The study was approved by the Ethics Committee of Chongqing Medical University. Written informed consents were obtained from all participants themselves, the methods were carried out in accordance with the approved guidelines. Our study included patients with suspected cerebrovascular disease who underwent Transcranial Doppler(TCD) examination from January 2014 to December 2014 at our institution. The inclusion criteria were as follows: 1) Patients had signs and symptoms suggestive of cerebrovascular disease. 2) Patients had to undergo TCD examinations. 3) The CBFVmax/CBFVmin ranged to 30–120/15–90 cm/s and the heart rate were within a range of 60–100 beats/min. Patients with any stenotic or occlusive disease of the carotid, vertebro-basilar and intracranial arteries along with patients acquiring arrhythmias were excluded from the study. Patients who had a recent onset of moderate to severe stroke, defined as NIHSS score > 4 points were also excluded from the study.

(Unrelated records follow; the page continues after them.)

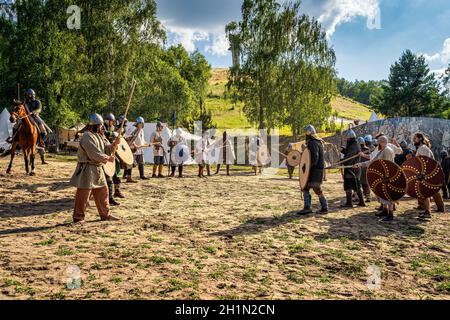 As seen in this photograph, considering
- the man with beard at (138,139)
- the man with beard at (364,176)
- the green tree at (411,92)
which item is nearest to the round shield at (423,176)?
the man with beard at (364,176)

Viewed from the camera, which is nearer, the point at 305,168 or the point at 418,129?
the point at 305,168

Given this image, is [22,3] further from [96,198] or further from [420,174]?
[420,174]

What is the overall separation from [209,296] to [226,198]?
6261 millimetres

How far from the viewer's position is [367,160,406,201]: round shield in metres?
7.14

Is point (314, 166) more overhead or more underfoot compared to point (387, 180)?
more overhead

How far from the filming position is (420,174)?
745 centimetres

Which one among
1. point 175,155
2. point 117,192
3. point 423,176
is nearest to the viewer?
point 423,176

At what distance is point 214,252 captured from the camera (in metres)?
5.07

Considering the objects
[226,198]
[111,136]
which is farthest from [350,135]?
[111,136]

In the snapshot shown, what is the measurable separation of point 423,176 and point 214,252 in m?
5.05

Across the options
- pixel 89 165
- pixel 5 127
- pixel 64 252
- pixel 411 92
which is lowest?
pixel 64 252

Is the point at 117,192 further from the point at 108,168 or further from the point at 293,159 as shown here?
the point at 293,159


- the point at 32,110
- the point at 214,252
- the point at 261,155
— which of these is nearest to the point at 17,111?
the point at 32,110

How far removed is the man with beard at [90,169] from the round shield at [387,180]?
529 centimetres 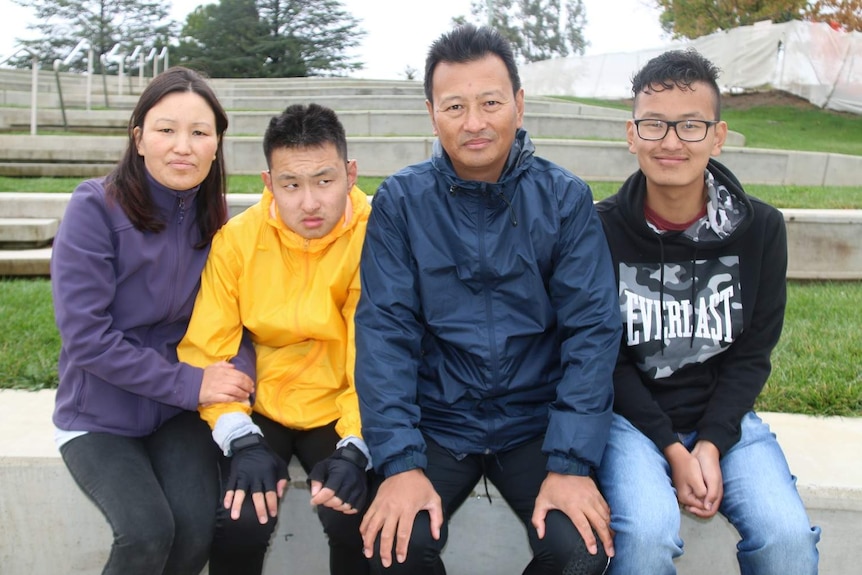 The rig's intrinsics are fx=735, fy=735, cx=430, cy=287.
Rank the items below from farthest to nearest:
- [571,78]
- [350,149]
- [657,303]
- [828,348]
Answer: [571,78], [350,149], [828,348], [657,303]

After attaining the TCD results, a sum of nine CBFV waves were bilaterally recorded for each patient: two from the (left and right) anterior cerebral arteries, two from the (left and right) middle cerebral arteries, two from the (left and right) posterior cerebral arteries, two from the (left and right) vertebral arteries and one from the basilar artery.

A TCD wave is an irregular periodic wave (Fig. 1A,B). Considering Parseval’s theorem, periodic signals could be summed as the superposition of all the harmonics by applying the triangular form of the Fourier series (, n = 1, 2, 3…)12. The eighth-order Fourier function was chosen for all TCD waves separately, conferring to the function. All waves were function-fitted using MATLAB 7.0’s Curve Fitting toolbox helped fitting with the implementation of the least square method13,14. The bandwidth of the curve was set at ±3 cm/s (ordinate) such that all raw data points were located within it.

Figure 1
figure 1

A TCD wave of the left anterior cerebral artery in a patient (A) and its black-white picture (B); standardizing a TCD wave, this procedure standardized all cardiac cycles to 0.8 s and all CBFVmax/CBFVmin to 80/50 cm/s (C);the curve of the standardized function V0(t) (D).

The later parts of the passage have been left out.